Dari film tersebut menurut saya ada aspek sosial yang bisa kita kritisi, masih banyak daerah-daerah pedalaman di Indonesia yang memang belum tersentuh pembangunan, sebagai contoh di film Denias kurangnya fasilitas pendidikan yang layak di Papua. Selain di Papua sendiri, masalah tersebut sebetulnya juga masih banyak ditemui di daerah perbatasan. Tentu hal ini masih menjadi perdebatan apakah memang pemerintah tidak memprioritaskan mereka atau  hal tersebut memang masih diluar kapasitas pemerintah untuk saat ini. Karena sedari Indonesia merdeka Papua atau Indonesia timur seakan menjadi anak tiri dibandingkan dengan daerah lain, jika dilihat dari kemajuan pembangunannya.
Melihat kebelakang, memang sudah bukan cerita baru bahwa Papua atau Pulau Cendrawasih memiliki begitu besar sumber daya alam dan hal tersebut justru berbanding terbalik dengan taraf hidup masyarakatnya, di daerah pedalaman khususnya. Sumber daya alam yang luas tidak diimbangi dengan kualitas sumber daya manusia yang ada.

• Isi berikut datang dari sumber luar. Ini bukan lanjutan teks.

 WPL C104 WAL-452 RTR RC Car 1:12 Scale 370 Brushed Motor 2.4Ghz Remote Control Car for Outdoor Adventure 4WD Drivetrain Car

Mirisnya, justru banyak pihak asing yang mengeruk kekayaan alam Papua.
Masukan dari penulis, sudah sepatutnya pemerintah memikirkan dan bertindak nyata untuk solusi jangka panjang Papua, yaitu dengan meningkatkan pemerataan dan peningkatan kualitas pendidikan secara cepat, baik dari fasilitas maupun tenaga pengajarnya. Dengan demikian diharapkan 10-15 tahun kemudian terlahir banyak tenaga ahli dari putra putri Papua yang dapat mengolah tanah Papua dengan bijak.